#### TASK STATEMENT:
Your answer should hold exactly the lines below from the line with "7906 N Brandon Ave #B — Photo 11" through the line with "Adidas Maglioni &", both included, and no pictures at all.

#### DATA RECORDS:
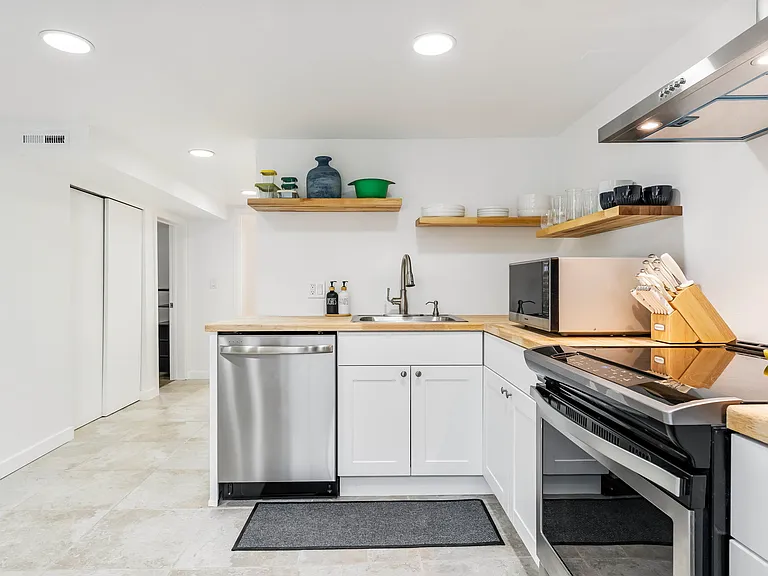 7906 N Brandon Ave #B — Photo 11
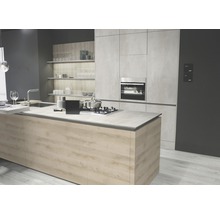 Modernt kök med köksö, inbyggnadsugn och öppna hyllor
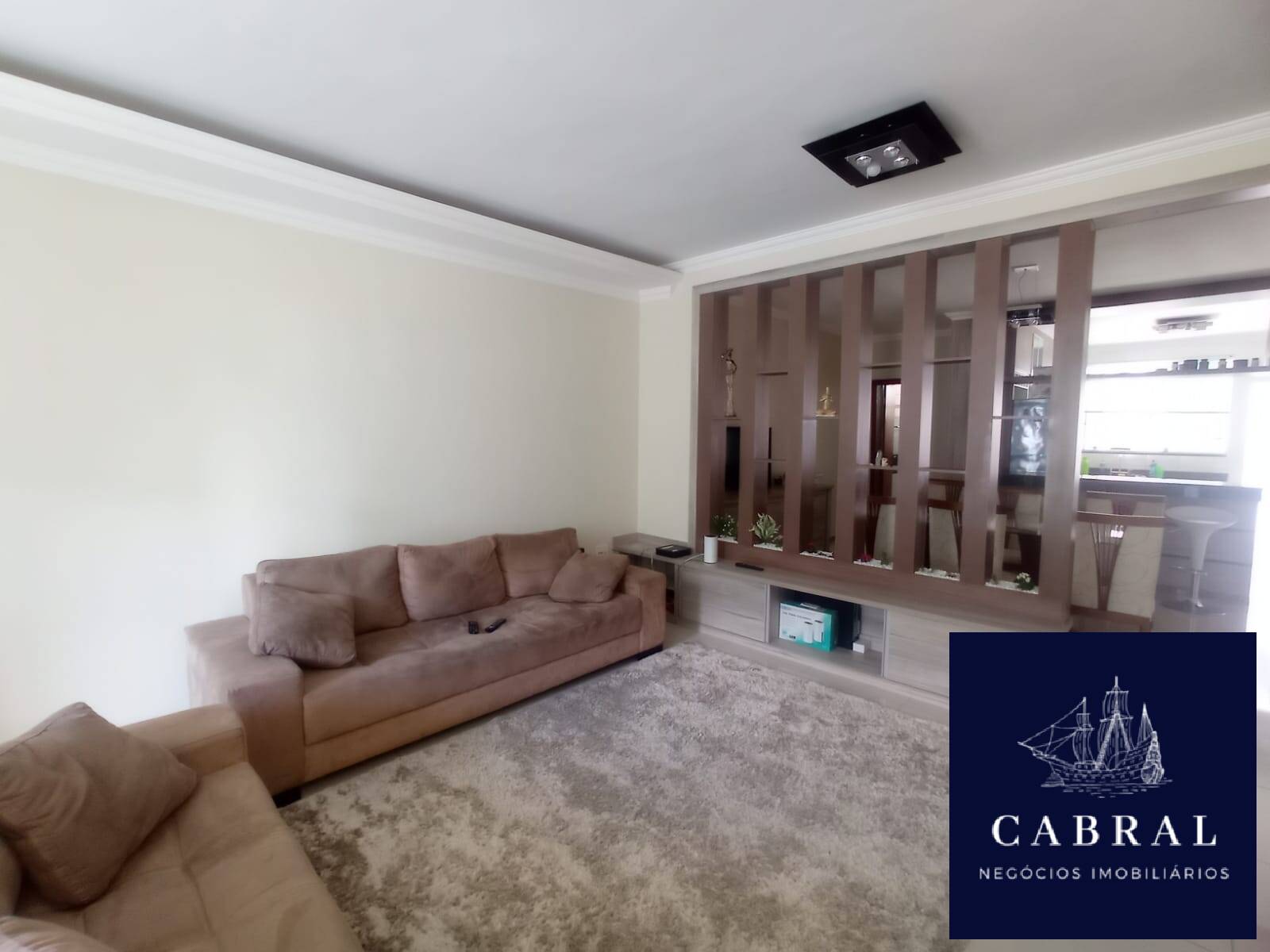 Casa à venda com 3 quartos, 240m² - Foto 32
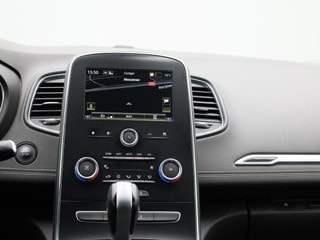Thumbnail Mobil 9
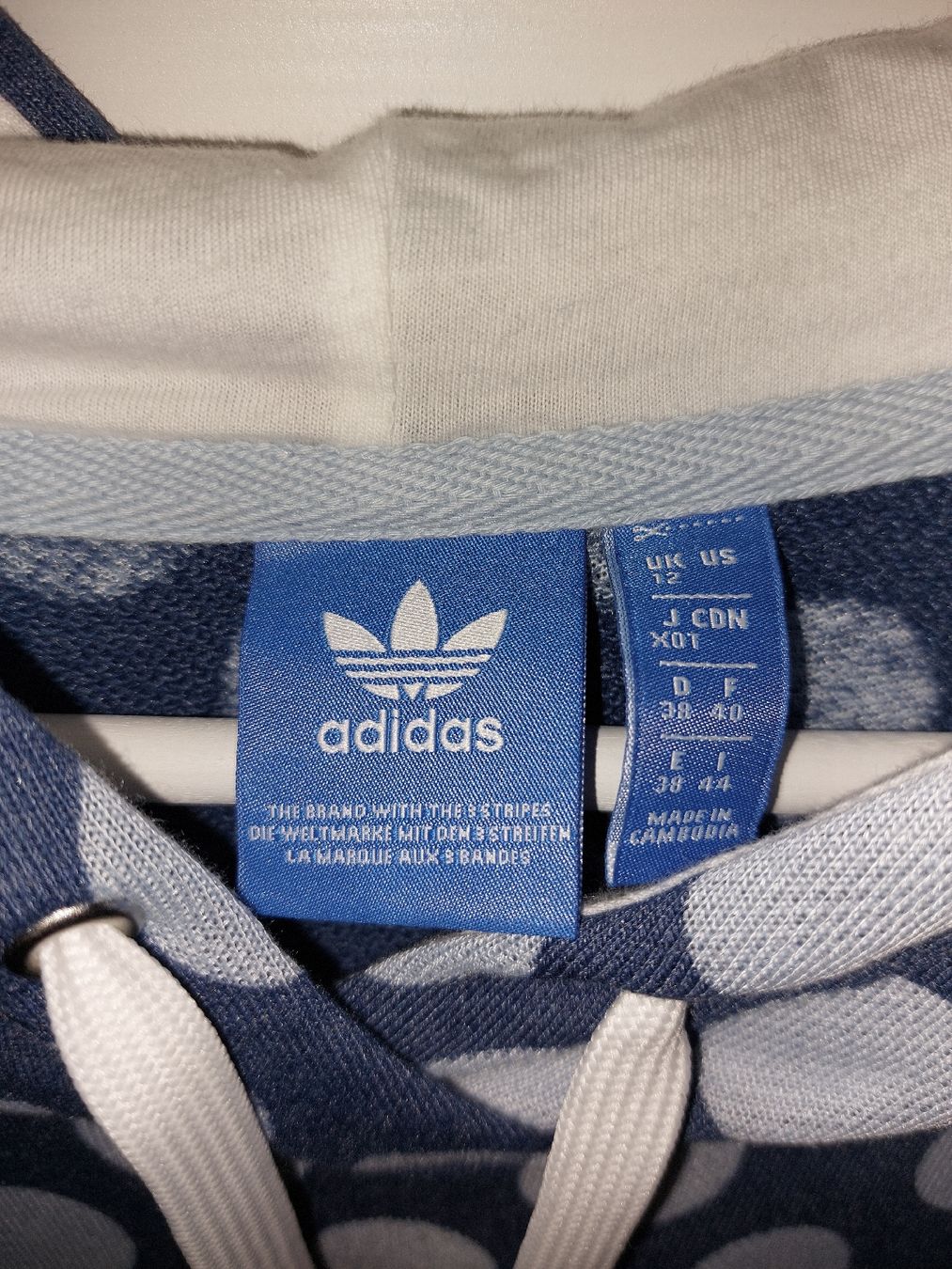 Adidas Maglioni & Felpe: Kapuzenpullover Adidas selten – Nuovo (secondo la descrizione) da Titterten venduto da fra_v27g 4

---

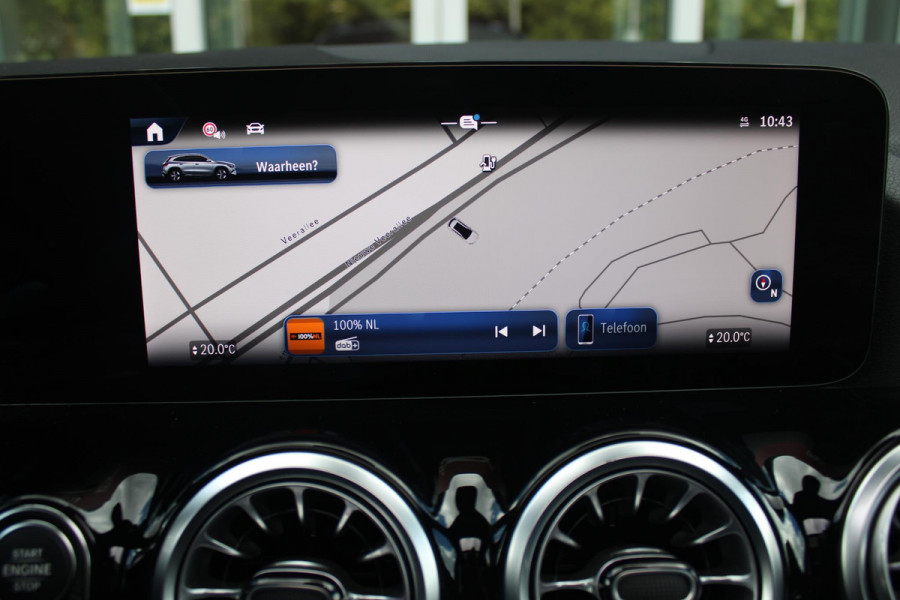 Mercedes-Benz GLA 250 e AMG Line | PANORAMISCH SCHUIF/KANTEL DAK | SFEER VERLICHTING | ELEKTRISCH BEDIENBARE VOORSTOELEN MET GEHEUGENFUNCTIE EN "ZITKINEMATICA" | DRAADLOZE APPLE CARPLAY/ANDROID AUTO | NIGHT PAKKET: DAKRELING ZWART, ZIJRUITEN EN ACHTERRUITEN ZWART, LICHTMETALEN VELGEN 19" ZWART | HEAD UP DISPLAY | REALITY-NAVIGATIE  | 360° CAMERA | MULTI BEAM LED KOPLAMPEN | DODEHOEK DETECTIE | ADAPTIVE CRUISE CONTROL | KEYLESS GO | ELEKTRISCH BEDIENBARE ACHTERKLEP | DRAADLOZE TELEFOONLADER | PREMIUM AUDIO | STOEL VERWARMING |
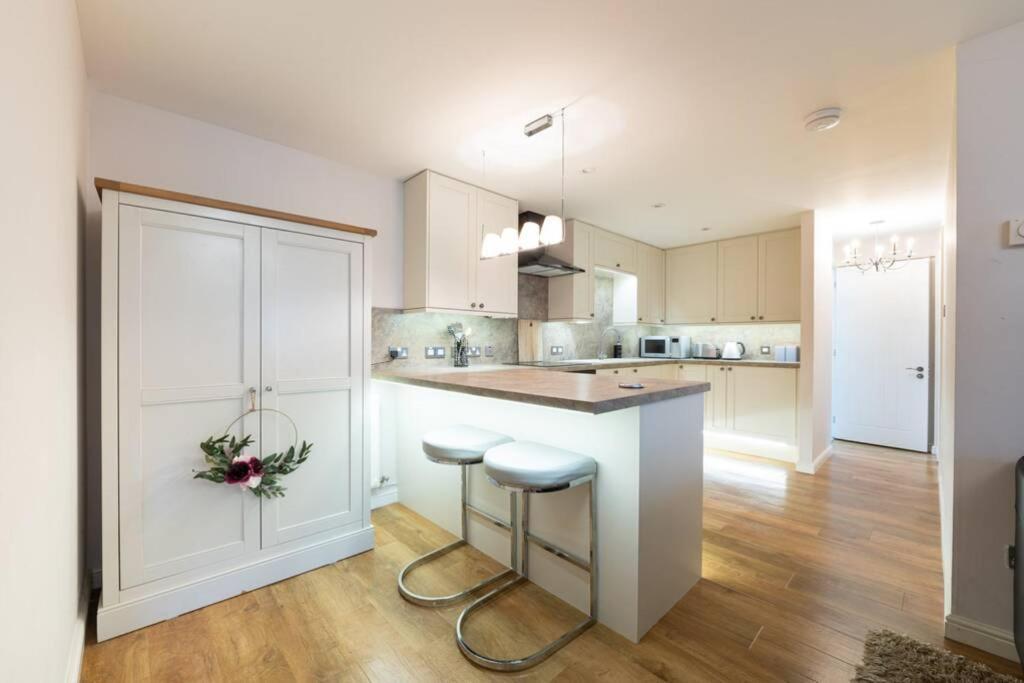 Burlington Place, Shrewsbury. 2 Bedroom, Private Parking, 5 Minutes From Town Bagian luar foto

* * *

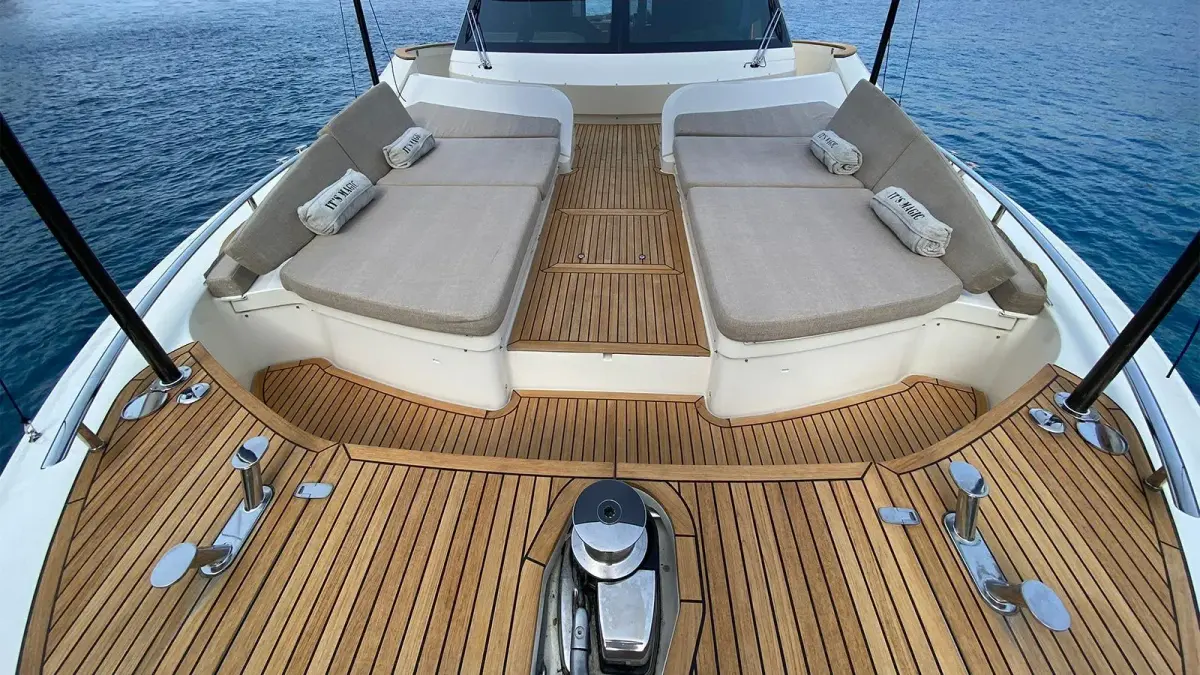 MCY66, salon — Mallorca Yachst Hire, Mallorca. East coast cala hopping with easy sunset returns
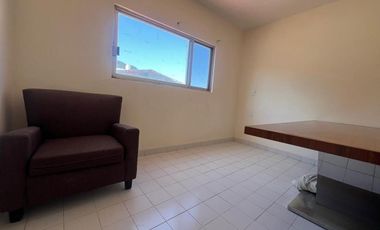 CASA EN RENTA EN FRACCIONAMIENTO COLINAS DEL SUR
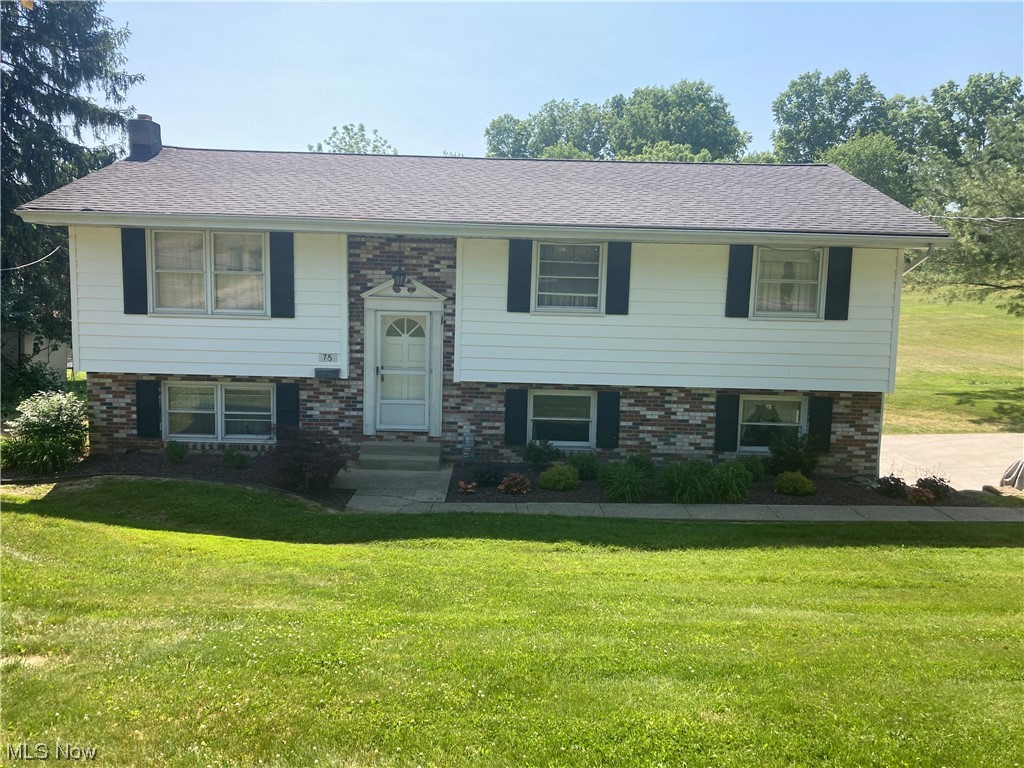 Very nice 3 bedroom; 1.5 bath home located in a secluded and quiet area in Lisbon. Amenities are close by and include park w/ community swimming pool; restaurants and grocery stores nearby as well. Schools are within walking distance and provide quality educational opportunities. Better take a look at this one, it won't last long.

#### RESPONSE FOR THIS EXERCISE:
 7906 N Brandon Ave #B — Photo 11
 Modernt kök med köksö, inbyggnadsugn och öppna hyllor
 Casa à venda com 3 quartos, 240m² - Foto 32
Thumbnail Mobil 9
 Adidas Maglioni & Felpe: Kapuzenpullover Adidas selten – Nuovo (secondo la descrizione) da Titterten venduto da fra_v27g 4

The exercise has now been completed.